Good News
"The runway is fake, but the stakes are soaring."

There is a specific kind of audacity required to take a terrifying 1970s hijacking and turn it into a high-stakes shell game involving fake airports and forced hospitality. If you’re familiar with the "Yodogo Incident"—where members of the Japanese Communist League-Red Army Faction seized a flight to Pyongyang—you know the real story is already stranger than fiction. But in Good News, director Byun Sung-hyun decides that reality was merely a rough draft. He’s crafted a film that feels like basically 'Argo' if Ben Affleck had a sense of humor and a better tailor.
I watched this on a rainy Tuesday while my radiator was making a rhythmic clanking sound that, for the first forty minutes, I genuinely thought was part of the film’s experimental percussion score. It actually added a layer of mechanical anxiety that I’m now convinced every thriller needs. When the radiator finally went quiet, I realized I was leaning so far forward in my chair that I was nearly touching the screen. That’s the Byun Sung-hyun effect; he doesn't just tell a story; he traps you in a beautifully composed, hyper-saturated pressure cooker.
The Architect of the Big Lie
At the center of this madness is Sul Kyung-gu, playing a character known only as "Nobody." This is his fourth outing with Byun (following The Merciless, Kingmaker, and Kill Boksoon), and their shorthand is evident in every frame. Sul Kyung-gu has reached a point in his career where he can command a room simply by adjusting his glasses. He plays the mastermind with a chilling, comedic detachment—a man tasked with the impossible: convincing a group of armed radicals that a hastily repurposed landing strip in South Korea is actually the welcoming embrace of North Korea.
The film excels when it leans into the absurdity of this "theatrical" production. We see the South Korean government scrambling to replace signs, hide Western advertisements, and coach "actors" to greet the hijackers with the appropriate revolutionary fervor. It’s a comedy of errors where the punchline is a potential international incident. Byun uses the era's aesthetic—all mustard yellows, deep teals, and heavy cigarette smoke—to create a world that feels both historical and slightly surreal. It captures that 2020s trend of "vibrant nostalgia" where the past looks better than the present ever did.
A High-Altitude Ensemble
While Sul provides the anchor, the film’s energy comes from the friction within the ensemble. Hong Kyung is a revelation as Seo Go-myung, the young man caught in the middle of this geopolitical masquerade. He brings a frantic, twitchy energy that serves as the perfect foil to Sul’s stoicism. Then there’s Ryoo Seung-bum, whose return to the screen here is nothing short of electric. He plays Park Sang-hyeon with a chaotic unpredictability that makes you wonder if he’s following the script or just vibing on the day.
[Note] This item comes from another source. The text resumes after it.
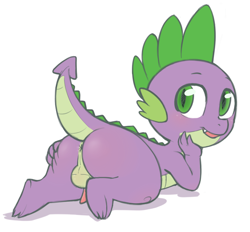 Size: 659x612 | Tagged: explicit, artist:redintravenous, spike, anus, balls, butt, cute, cute porn, dragon, dragonbutt, feet, foalcon, g4, genitals, imported from derpibooru, male, nudity, penis, plot, presenting, solo, solo male, spikabetes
Ryoo Seung-bum has always been South Korea’s secret weapon for "charming sociopaths," and he doesn't disappoint here.
On the Japanese side of the cockpit, Takayuki Yamada and Kippei Shiina bring a grounded intensity that keeps the film from floating off into pure farce. The tension between the hijackers and the "Nobody" character is played like a high-stakes poker game where half the players are bluffing about which country they’re even in. Kim Seung-o also pops up as Maeda, adding his signature brand of intense supporting-character spice that Byun fans have come to expect.
Truth in the Age of "Good News"
Released in an era where we are constantly questioning the validity of the information on our screens, Good News feels incredibly timely. Though it’s set in 1970, its heart beats for 2025. It’s a film about the power of the narrative—how if you build a convincing enough stage, people will believe whatever lie you tell them. It avoids the trap of being a "history lesson" and instead functions as a meta-commentary on the art of deception. The "zany scheme" isn't just a plot point; it's a reflection of our current obsession with curated realities and "fake news."
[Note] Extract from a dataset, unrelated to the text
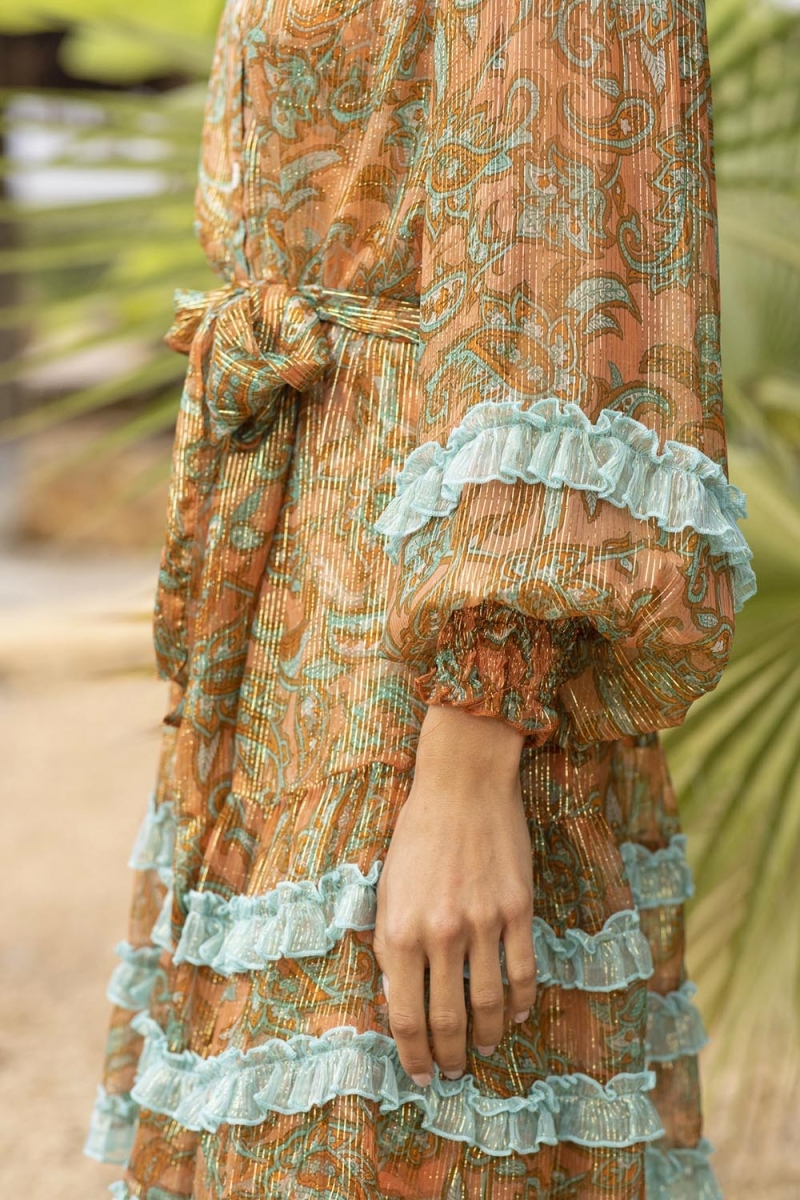 Vestido Corto Agua - Naranja/Aqua - Mangas Largas - Cinturón a Juego - Estilo Boho - Miss June Paris - 2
The production value is top-tier Star Platinum fare. The cinematography by Cho Hyoung-rae utilizes the claustrophobia of the plane cabin and the vast, empty loneliness of the fake airfield to great effect. There’s a sequence involving a midnight paint job on a runway that is edited with such rhythmic precision by Byun and his team that it felt more like a dance number than a military operation.
There’s been some chatter on social media about whether it’s "too soon" or "too lighthearted" to tackle an event involving real-world terrorism with such a comedic lens. My take? If we can't laugh at the sheer stupidity of international borders, what's the point of having a cinema ticket? The film doesn't disrespect the gravity of the hijacking; it mocks the systems that allowed it to become a theater of the absurd.
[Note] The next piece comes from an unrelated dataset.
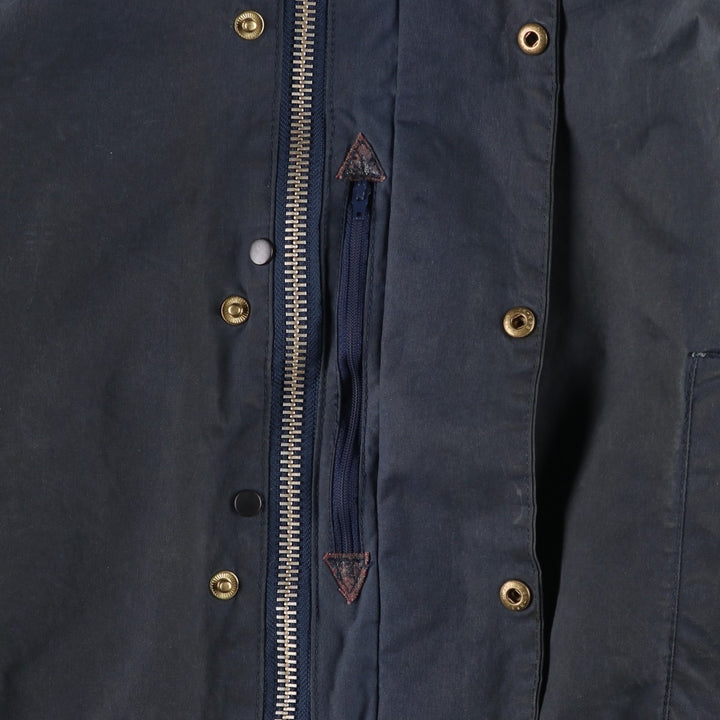 Vintage 1980s-1990'S Barbour Beaufort 3 Warrant Oiled Hunting Jacket, Made in England, C38, Men's Size Medium cotton navy blue type Vintage Second Hand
Good News is a sharp, stylish, and deeply cynical joyride that confirms Byun Sung-hyun is one of the most exciting directors working in the streaming era. It manages to be a thriller that actually thrills and a comedy that actually lands its jokes—a rare feat in a landscape often cluttered with films that try to be everything and end up being nothing. It’s a beautifully shot lie that I’d happily watch again just to see the cracks in the paint. Seek it out on Netflix, but maybe turn your radiator off first.